> [PROVIDED DATA]
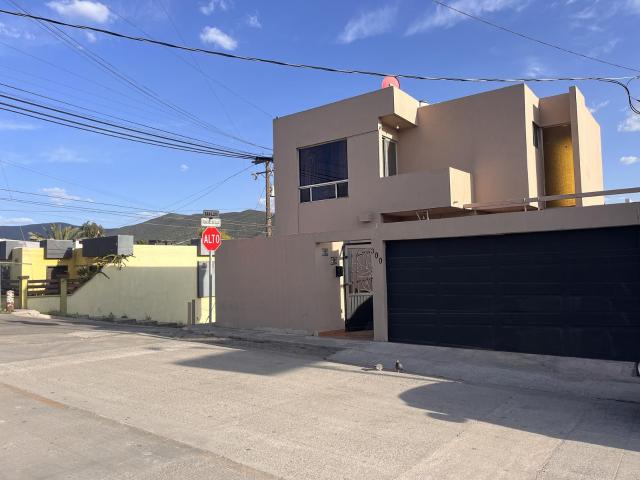 Casa en RENTA, Fracc. Costa Azul, Ensenada, B.C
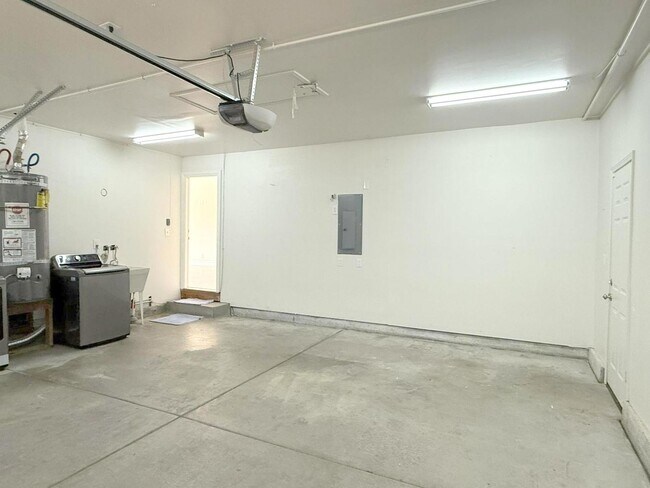 Building Photo - Highly upgraded ! Two Story Home With Prim...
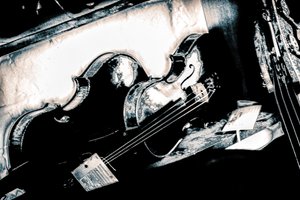 Broken String, 2018 (käsin maalattu valokuva)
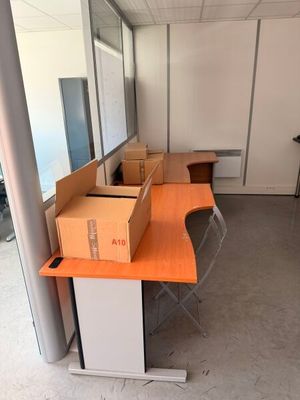 un bureau sur lequel se trouve une boîte, dans un bureau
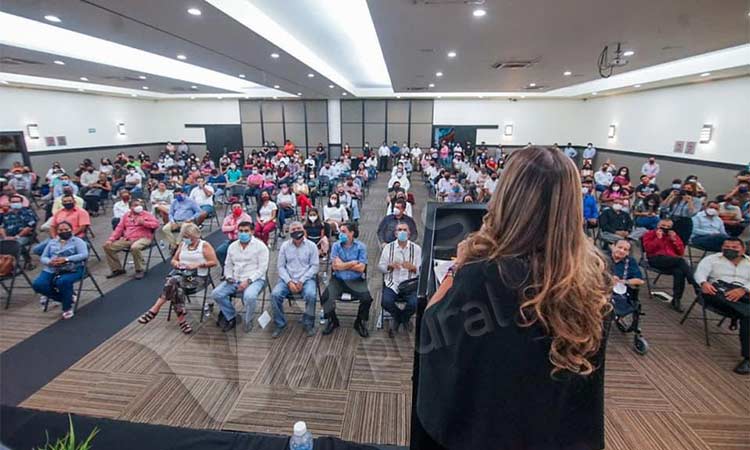 Atiende Evelyn Salgado invitación de abogados par participar en foro jurídico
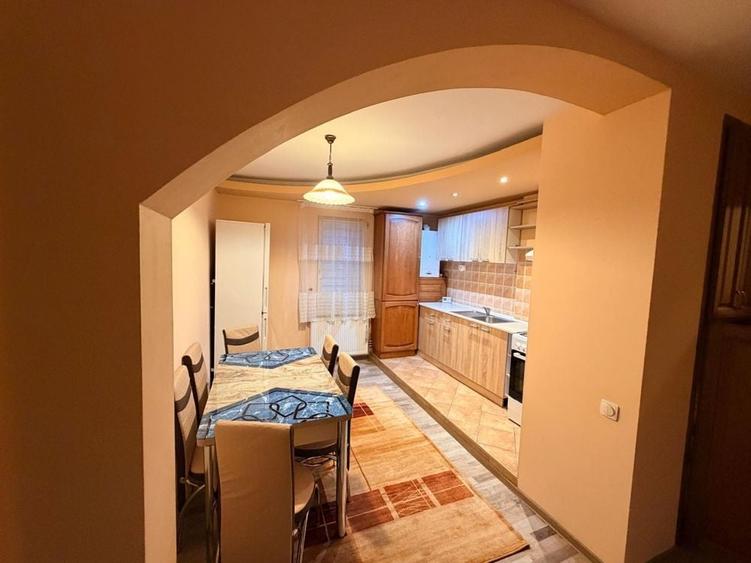Apartament cu 3 camere în Central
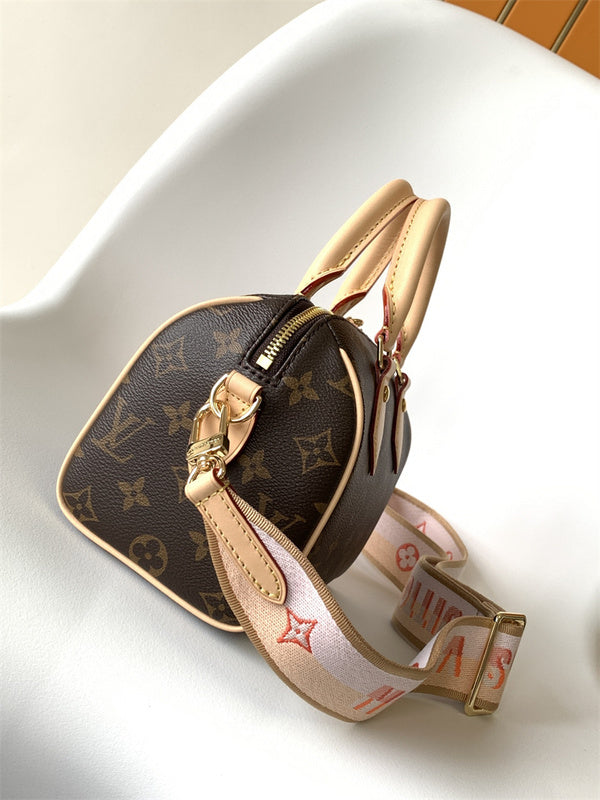  sophisticated shopper bag styled with outfit 12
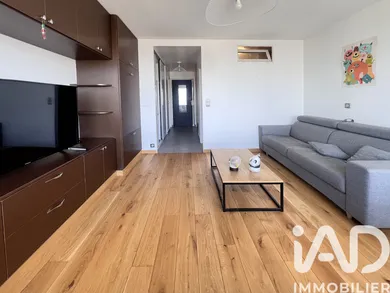 Studio à Puteaux (92800)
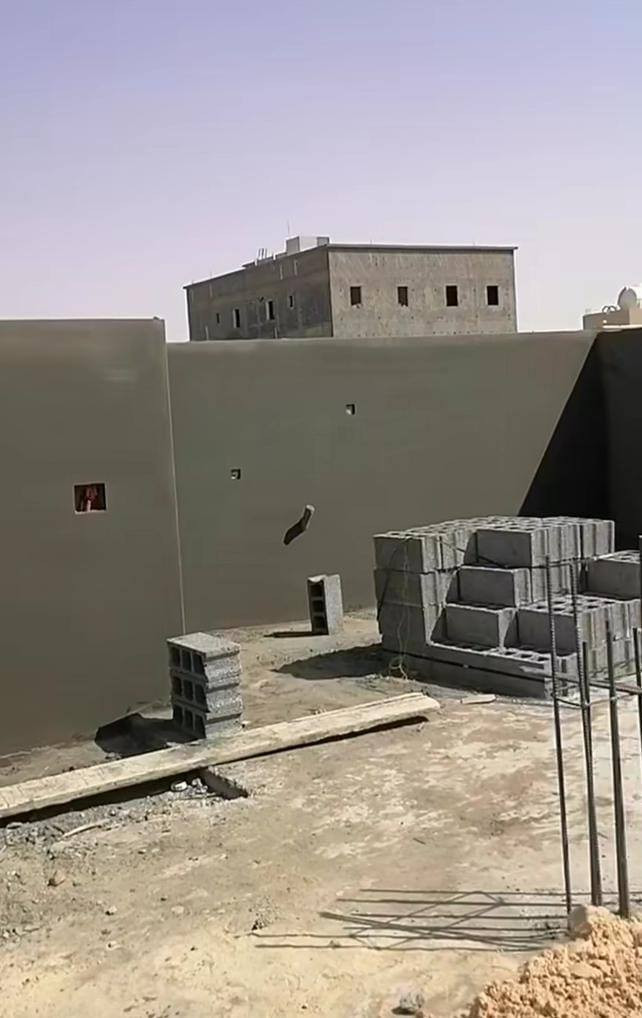 السلام عليكم كادر خلفات لبخ اسمنت شغل خاشن والنعم شغل درجه اولى تسليم هندسي وجايه صقل ناعم فوم كل انواع اللبخ السعر المناسب المكان بغداد الاعظميه للتواصل تس ***********
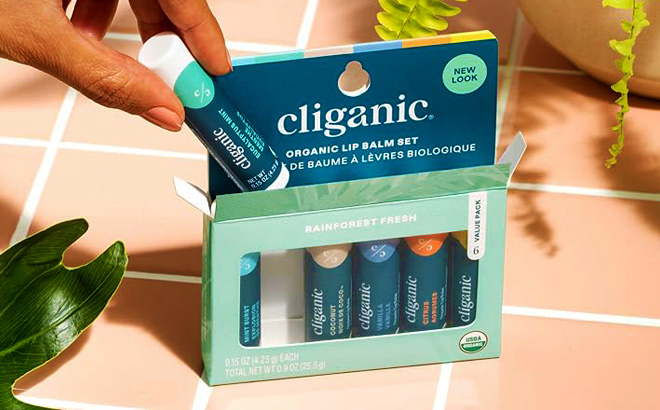 Cliganic Organic Lip Balm Set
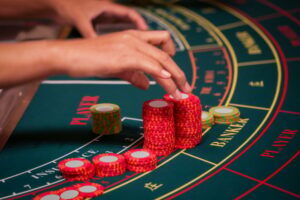 Baccarat Dealer Fixed Casino igre v vrednosti 124 tisoč $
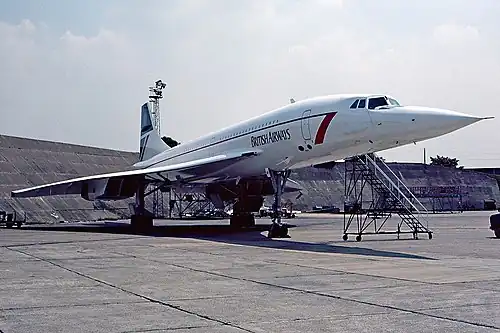 Concorde in "Landor" livery, red Speedwing arrow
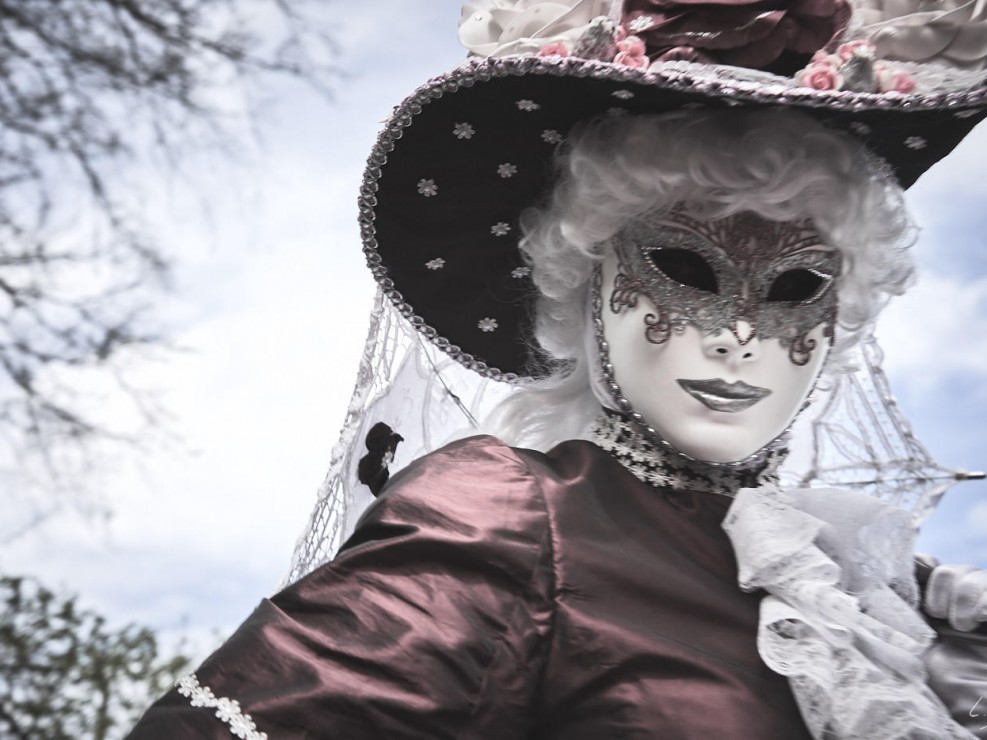 Les costumes de Venie aux jardins d’annevoie 2017 – 55 mm – Les costumes de Venise aux jardins d annevoie 2017 NIKON D800E 55 mm 7.12282 – avr. 30 2017 – NIKON D800E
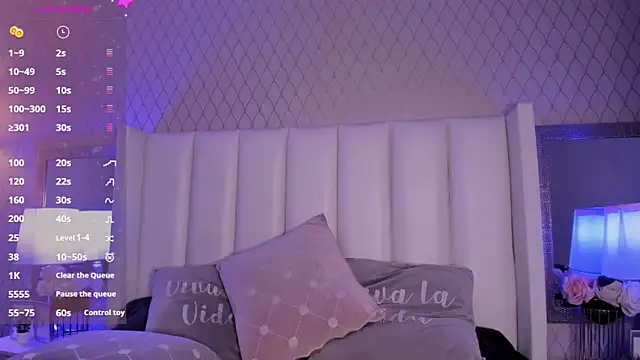 ValkaRouse online show from 04.13.26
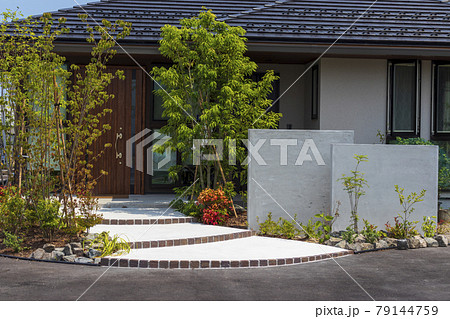 建物 新築住宅 和モダン 平屋建て 門壁 建物 新築住宅 和モダン 平屋建て 門壁 79144759
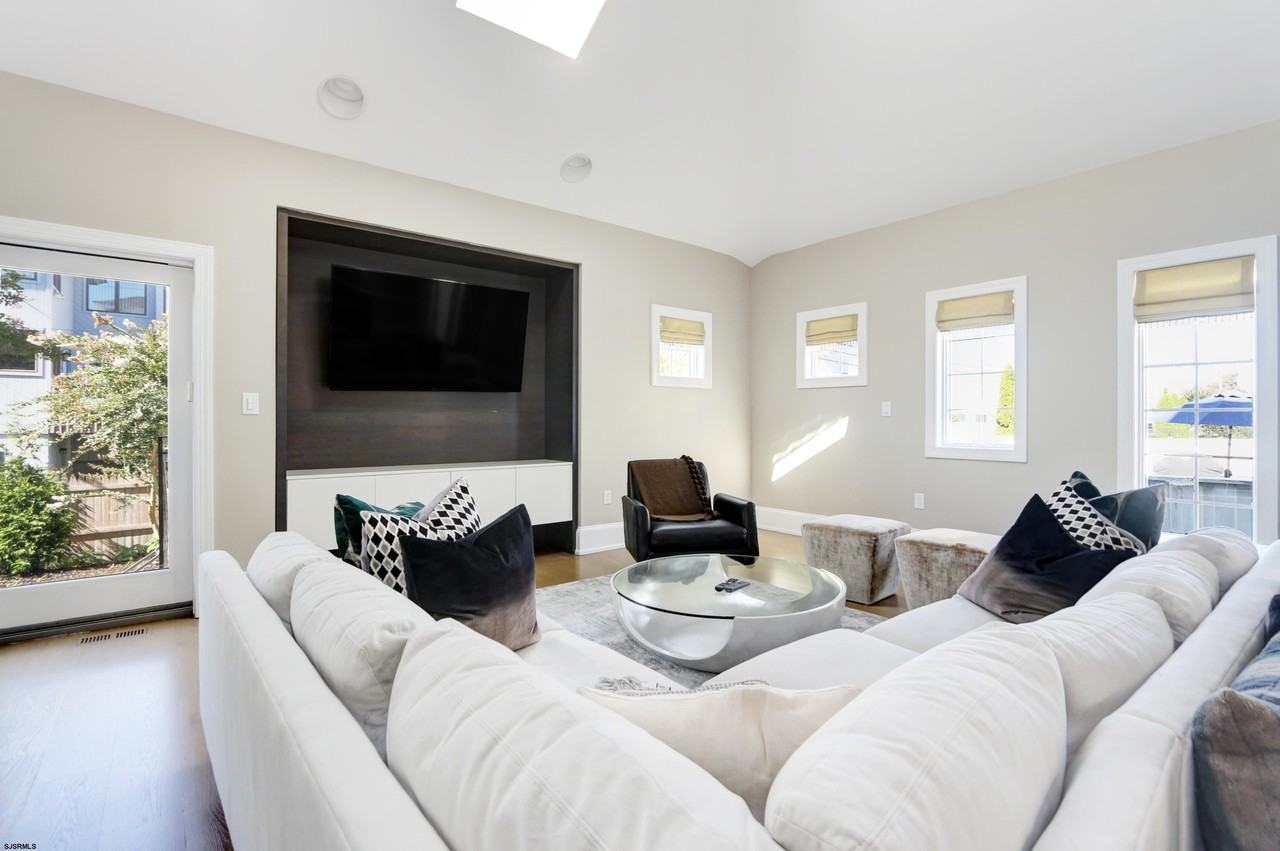 53 Bayside Ct - Photo 3 of 45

> [WORK INSTRUCTION] Starting at the line that contains "Studio à Puteaux (92800)", return every line through the end of the records above exactly as written, and return no pictures.

> [TASK SOLUTION]
 Studio à Puteaux (92800)
 السلام عليكم كادر خلفات لبخ اسمنت شغل خاشن والنعم شغل درجه اولى تسليم هندسي وجايه صقل ناعم فوم كل انواع اللبخ السعر المناسب المكان بغداد الاعظميه للتواصل تس ***********
 Cliganic Organic Lip Balm Set
 Baccarat Dealer Fixed Casino igre v vrednosti 124 tisoč $
 Concorde in "Landor" livery, red Speedwing arrow
 Les costumes de Venie aux jardins d’annevoie 2017 – 55 mm – Les costumes de Venise aux jardins d annevoie 2017 NIKON D800E 55 mm 7.12282 – avr. 30 2017 – NIKON D800E
 ValkaRouse online show from 04.13.26
 建物 新築住宅 和モダン 平屋建て 門壁 建物 新築住宅 和モダン 平屋建て 門壁 79144759
 53 Bayside Ct - Photo 3 of 45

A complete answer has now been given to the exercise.